Whatever lies between the line with "LandLAB - Westhaven" and the end of the data, both included, must be copied exactly and without pictures.

**** Information provided

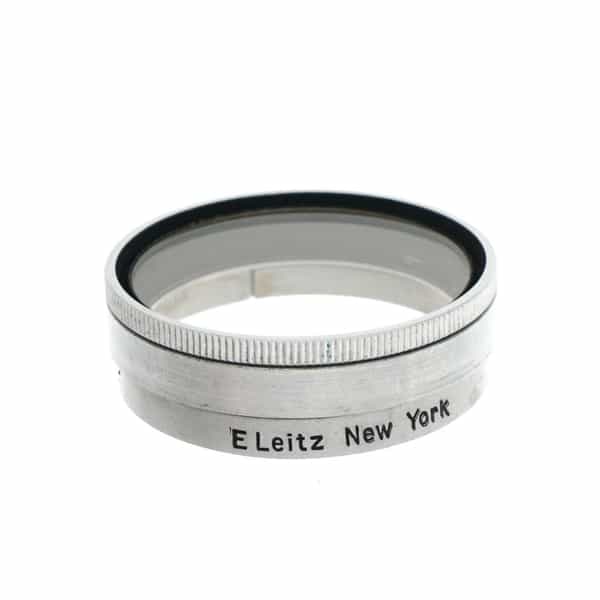 Leica 36mm Clamp-On H Chrome (NY) Filter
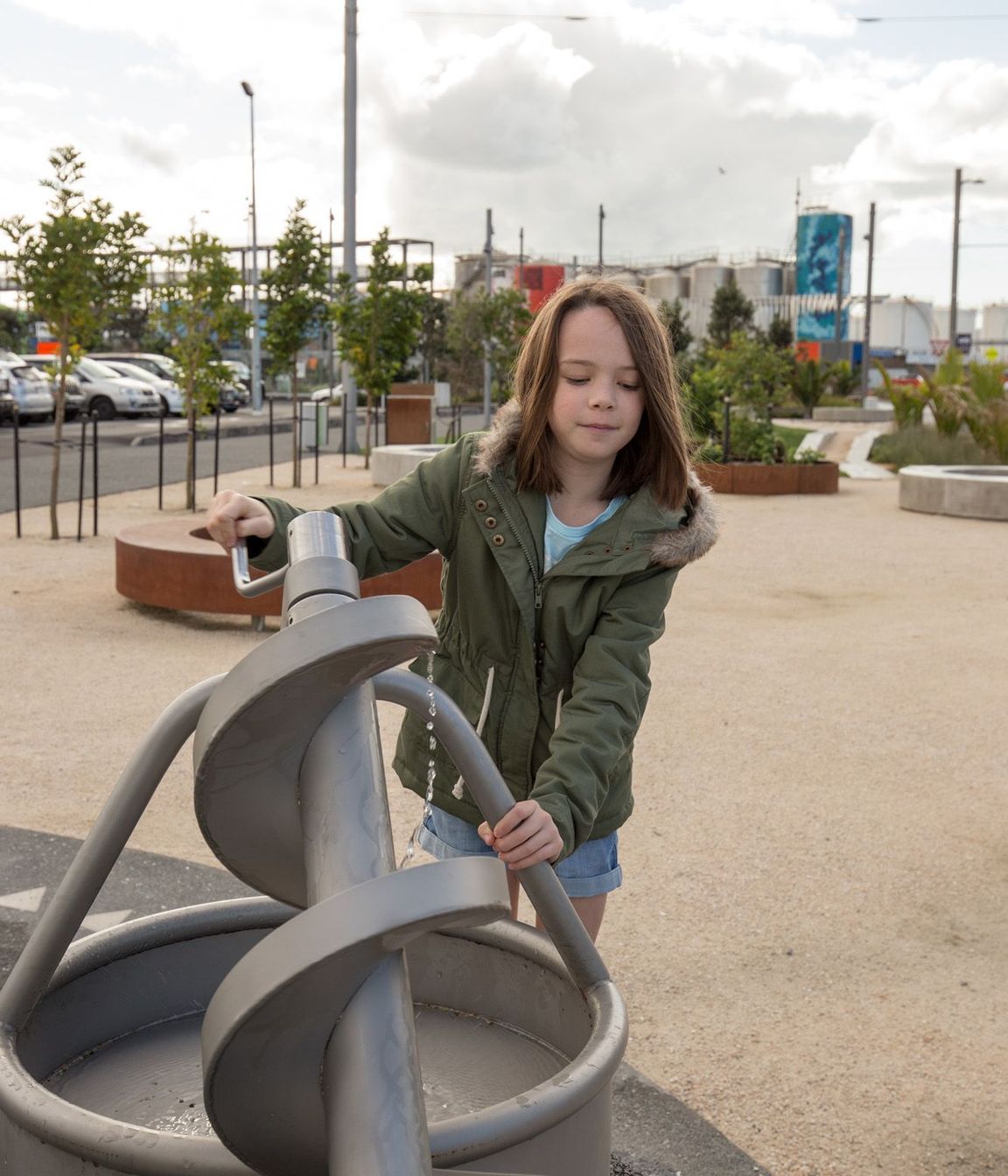 LandLAB - Westhaven Promenade and Daldy Street Linear Park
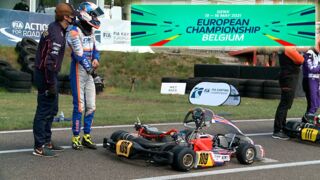 ARIEL RACING VLOG FIA KARTING EUROPEAN CHAMP GENK OK FINAL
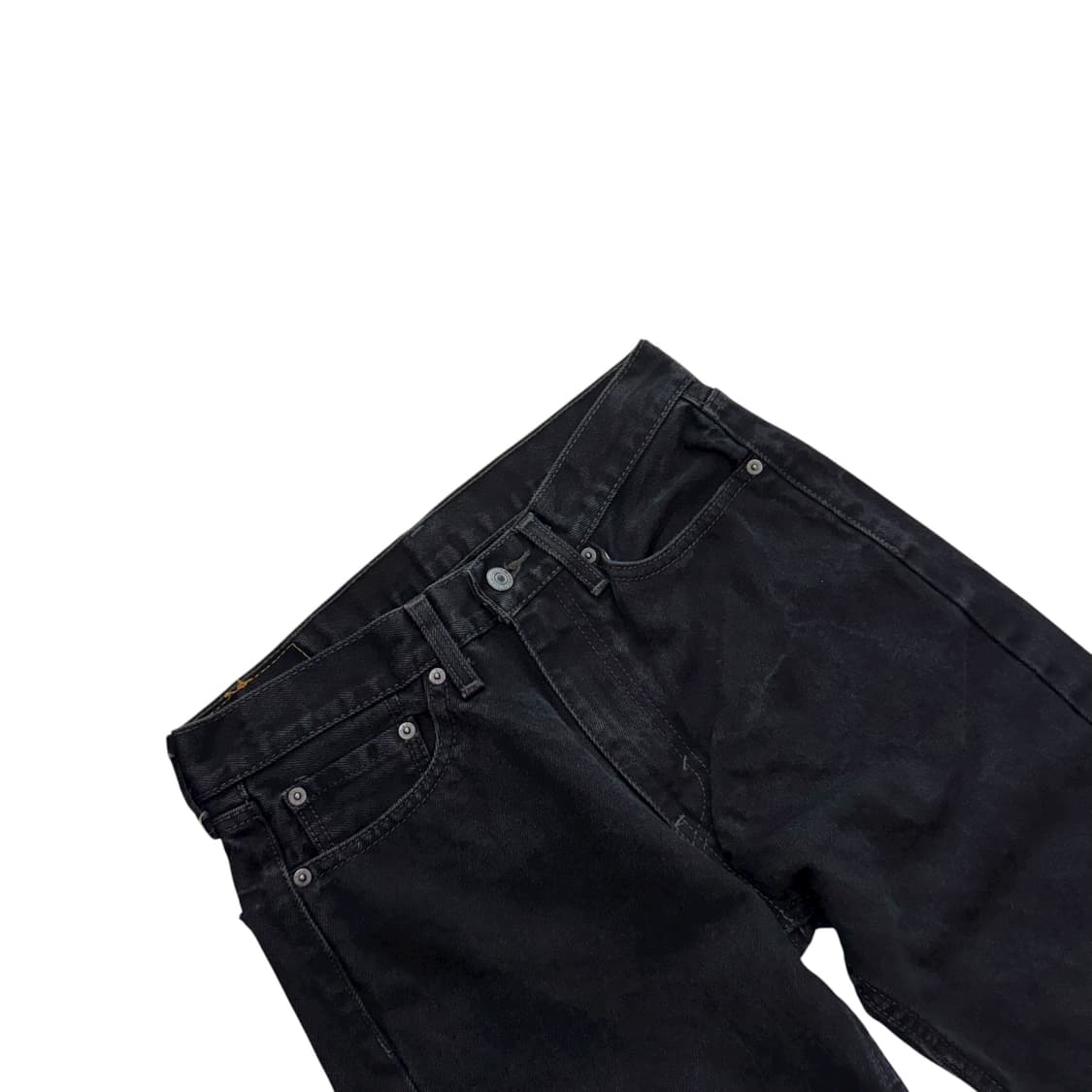 [29.5] 리바이스 505 블랙진 데님 청바지 [lv1069] 상품이미지2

********

Answer below:
 LandLAB - Westhaven Promenade and Daldy Street Linear Park
 ARIEL RACING VLOG FIA KARTING EUROPEAN CHAMP GENK OK FINAL
 [29.5] 리바이스 505 블랙진 데님 청바지 [lv1069] 상품이미지2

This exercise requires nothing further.